One example cited against an overly rigid or dogmatic approach was Labor’s Gershon 2008 Review of government technology procurement which essentially missed a number of big picture productivity and efficiency opportunities – like mobility, cloud computing and rapid software development – in favour focusing on more orthodox governance methodologies.

Although Labor eventually claimed savings of around $1 billion under measures under Gershon’s measures, the review also quietly added efficiency suggestions from the public service, including mandating power efficiency standards and practices for equipment that reduced escalating power bills.

Another theme that some public sector veterans believe the Coalition is likely to revisit is rationalising the number of agencies and statutory authorities along the lines of the Howard era Uhrig Review that was commissioned in 2002 and delivered in 2004.

Authored by former Westpac and Rio Tinto chairman John Uhrig, the report urged a series of governance reforms to make reporting lines for statutory authorities more accountable to improve their performance.

One of Uhrig’s strongest recommendations, that an Inspector General of Regulation be created, was ultimately rejected.
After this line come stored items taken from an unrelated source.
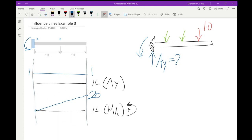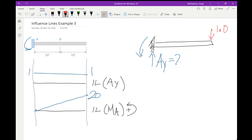You can tie this to the real-life example: if you have a cantilevered beam and put a unit load at the free end 20 feet away, the moment reaction is one times 20, which equals 20. That's your moment reaction - straightforward.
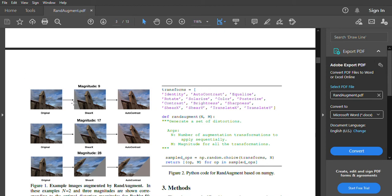Hello, in this video I will be breaking down RandAugment and why it is the best data augmentation policy out there.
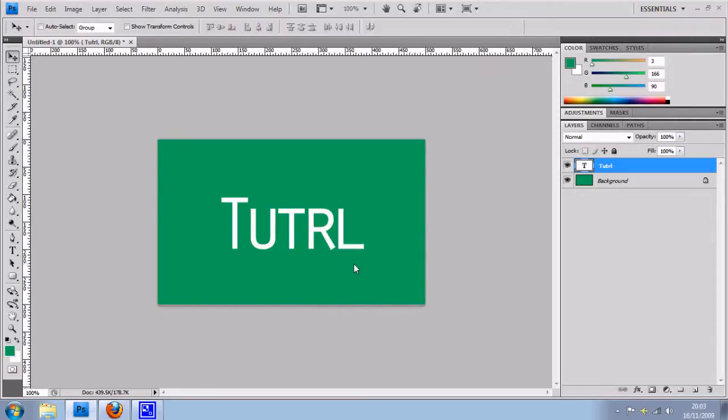You can see that I have got in front of me a Photoshop document which has a nice green background and some text there.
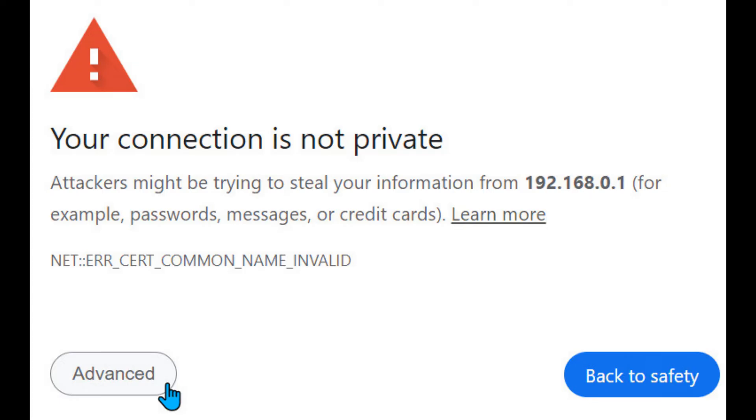Open a web browser window and enter your modem GUI address into the address bar. You may get a pop-up message that says your connection is not private.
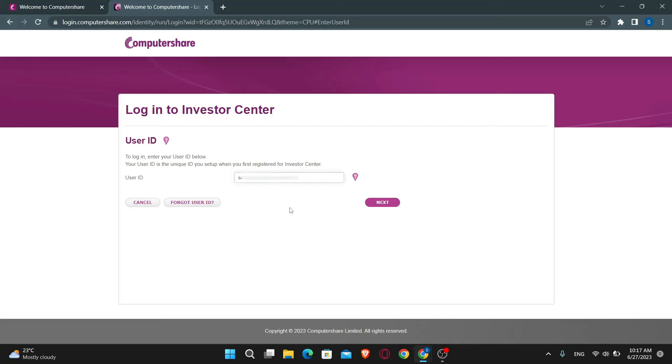In case you forgot your user ID or your password, you can click on forgot user ID or the forgot password button to reset your login credentials.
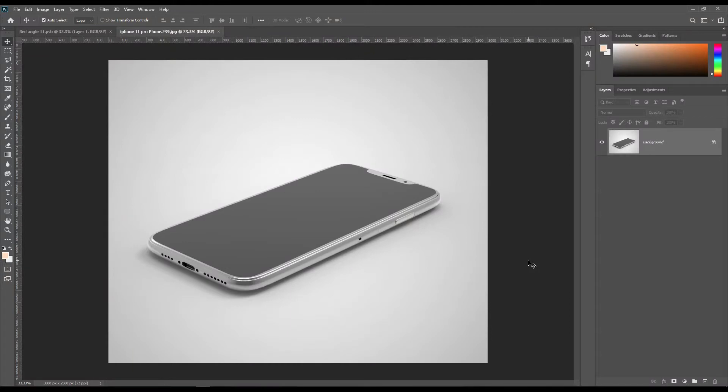Hello dear friends, welcome to our channel Mockup. Today we are going to show you how to create an iPhone 11 mockup. If you want this mockup, the link can be found in the description. So let's get started.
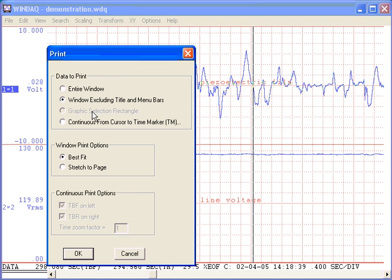Finally, and this is an exclusive feature of WinDAC software, you can generate a continuous waveform graphic output over any range. The result is a multi-page output at the full resolution of your printer.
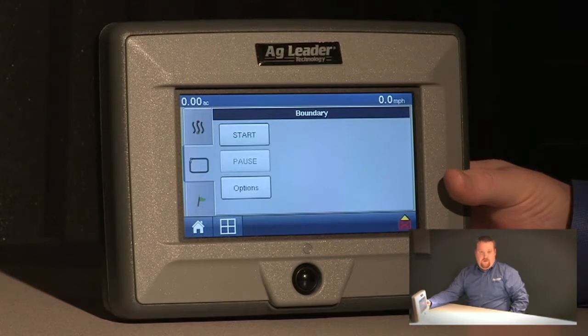For more information on creating boundaries with your edge display, please refer to your edge user manual.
Even so, the Howard government did ultimately instigate a consolidation of independent welfare functions across Centrelink, the Health Insurance Commission, the Child Support Agency, Commonwealth Rehabilitation Service, Australian Hearing and Health Services Australia into the Department of Human Services – all answerable to incoming Treasurer Joe Hockey.

Former public service chiefs close to the incoming government have also been making their ideas known.

One is former Secretary of the Department of Prime Minister and Cabinet, Dr Peter Shergold, whose oversight of the Coalition’s election costings is seen by some in the public service as notable influence on making ambitions for the public service realistic.

One of the bigger ideas Dr Shergold has been championing through the Institute of Public Administration Australia (IPAA) is the public sector partnering with not-for-profit and community-based organisations to help create a market for the delivery of ‘public goods’ – especially around costly areas like social welfare and employment that traverse jurisdictions.

Although much of the market is effectively structured around outsourcing government service delivery, Dr Shergold has stressed many of the benefits potential need to be viewed from what they deliver in terms of transformation and innovation as opposed to dollar figure cost savings to government.

That view has also been echoed to a degree by outgoing Prime Minister Kevin Rudd’s appointment to replace Dr Shergold, Terry Moran who has publicly advocated that many federal service delivery functions would be more effectively delivered at state and local government levels.

“It’s nuts for the Commonwealth to try and set up service delivery operations in health, education, vocational education and training,” Mr Moran told Radio National earlier this year.

“Because there are other people beyond state and at state level who will do it better and that can yield big efficiencies.”

Whether the states would welcome any such move remains to be seen.